Re: [PATCH 23/24] iomap: add support for sub-pagesize buffered I/O without buffer heads

Brian Foster <bfoster@xxxxxxxxxx> · Wed, 20 Jun 2018 10:32:53 -0400

Sending again without the attachment... Christoph, let me know if it
didn't hit your mbox at least.

On Wed, Jun 20, 2018 at 09:56:55AM +0200, Christoph Hellwig wrote:
> On Tue, Jun 19, 2018 at 12:52:11PM -0400, Brian Foster wrote:
> > > +	/*
> > > +	 * Move the caller beyond our range so that it keeps making progress.
> > > +	 * For that we have to include any leading non-uptodate ranges, but
> > 
> > Do you mean "leading uptodate ranges" here? E.g., pos is pushed forward
> > past those ranges we don't have to read, so (pos - orig_pos) reflects
> > the initial uptodate range while plen reflects the length we have to
> > read..?
> 
> Yes.
> 
> > > +
> > > +	do {
> > 
> > Kind of a nit, but this catches my eye and manages to confuse me every
> > time I look at it.
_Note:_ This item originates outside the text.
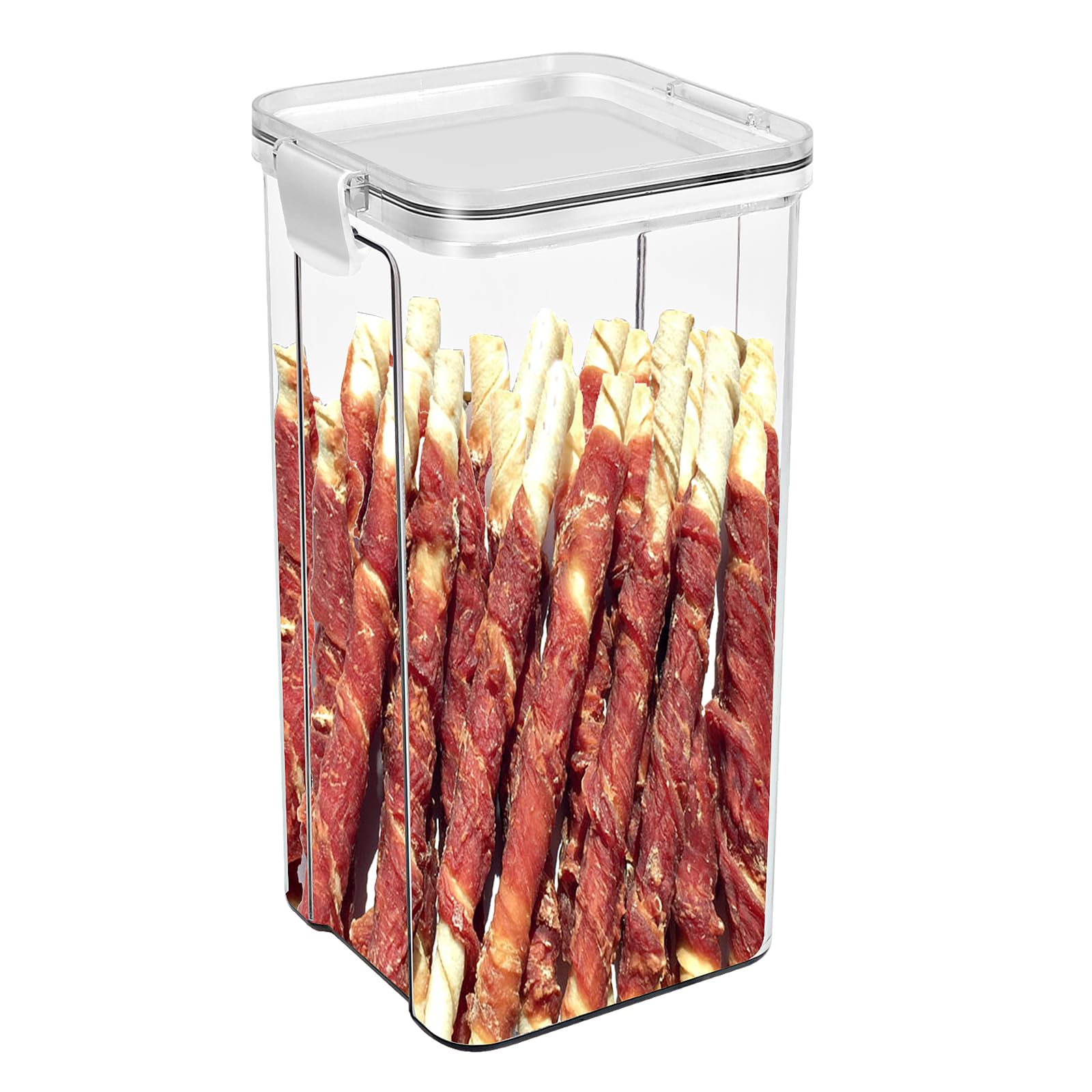 WBKTOOL 2-Buckle Dog Treat Container - 1.4 QT/1.3 L Cat Treat Container with Lid - Airtight Dog Food Storage Container - Transparent Pet Food Storage Container for Dogs, Cats, Treats, Cookies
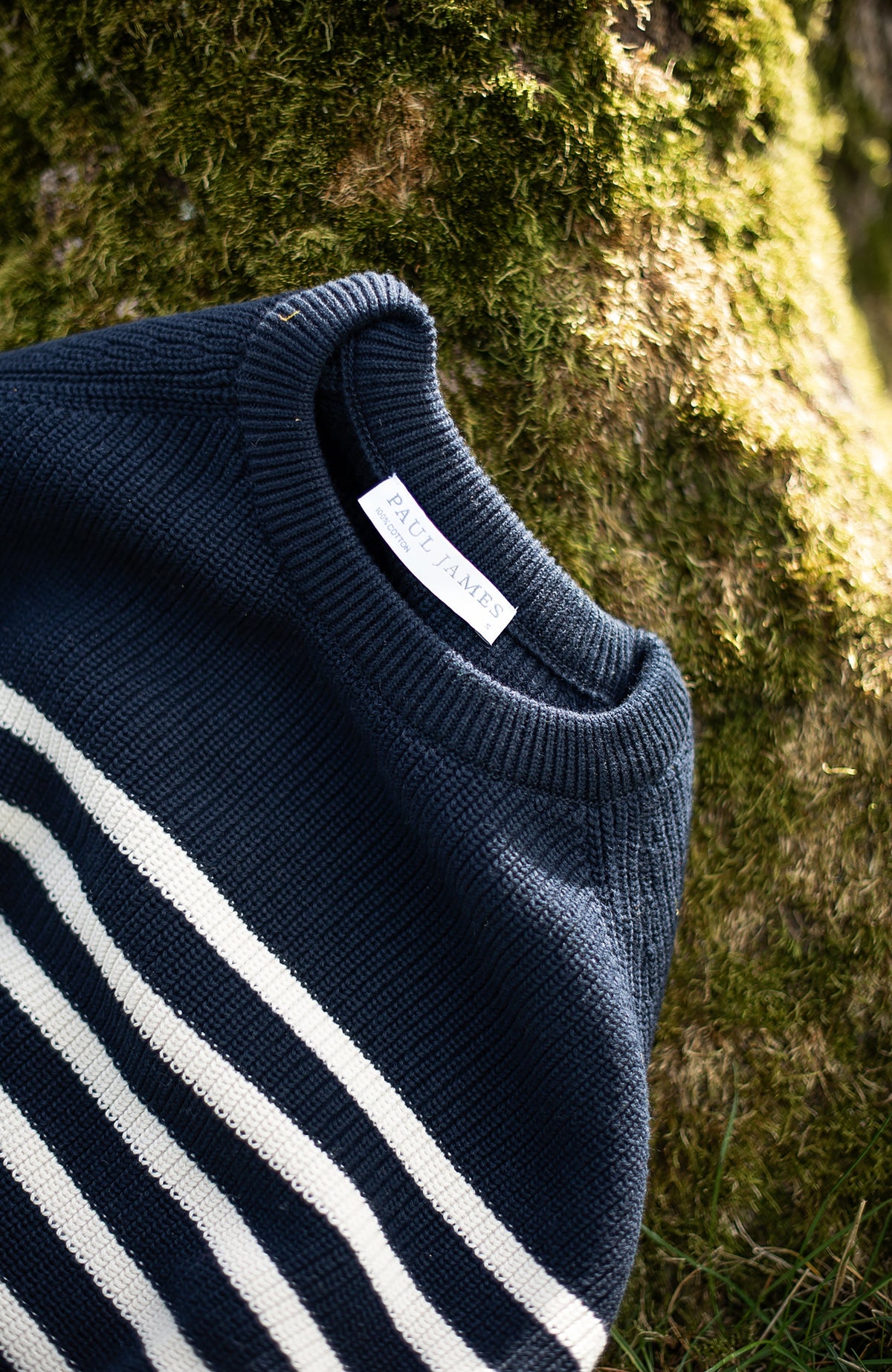 Womens Cotton Ribbed Breton Jumper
A comment along the lines of:
> > 
> >                 /*
> > 		 * Pass in the block aligned start/end so we get back block
> > 		 * aligned/adjusted poff/plen and can compare with unaligned
> > 		 * from/to below.
> >                  */
> > 
> > ... would be nice here, IMO.
> 
> Fine with me.
> 
> > > +		iomap_adjust_read_range(inode, iop, &block_start,
> > > +				block_end - block_start, &poff, &plen);
> > > +		if (plen == 0)
> > > +			break;
> > > +
> > > +		if ((from > poff && from < poff + plen) ||
> > > +		    (to > poff && to < poff + plen)) {
> > > +			status = iomap_read_page_sync(inode, block_start, page,
> > > +					poff, plen, from, to, iomap);
> > 
> > After taking another look at the buffer head path, it does look like we
> > have slightly different behavior here. IIUC, the former reads only the
> > !uptodate blocks that fall along the from/to boundaries. Here, if say
> > from = 1, to = PAGE_SIZE and the page is fully !uptodate, it looks like
> > we'd read the entire page worth of blocks (assuming contiguous 512b
> > blocks, for example). Intentional? Doesn't seem like a big deal, but
> > could be worth a followup fix.
> 
> It wasn't actuall intentional, but I actually think it is the right thing
> in then end, as it means we'll often do a single read instead of two
> separate ones.

Ok, but if that's the argument, then shouldn't we not be doing two
separate I/Os if the middle range of a write happens to be already
uptodate? Or more for that matter, if the page happens to be sparsely
uptodate for whatever reason..?

OTOH, I also do wonder a bit whether that may always be the right thing
if we consider cases like 64k page size arches and whatnot. It seems
like we could end up consuming more bandwidth for reads than we
typically have in the past. That said, unless there's a functional
reason to change this I think it's fine to optimize this path for these
kinds of corner cases in follow on patches.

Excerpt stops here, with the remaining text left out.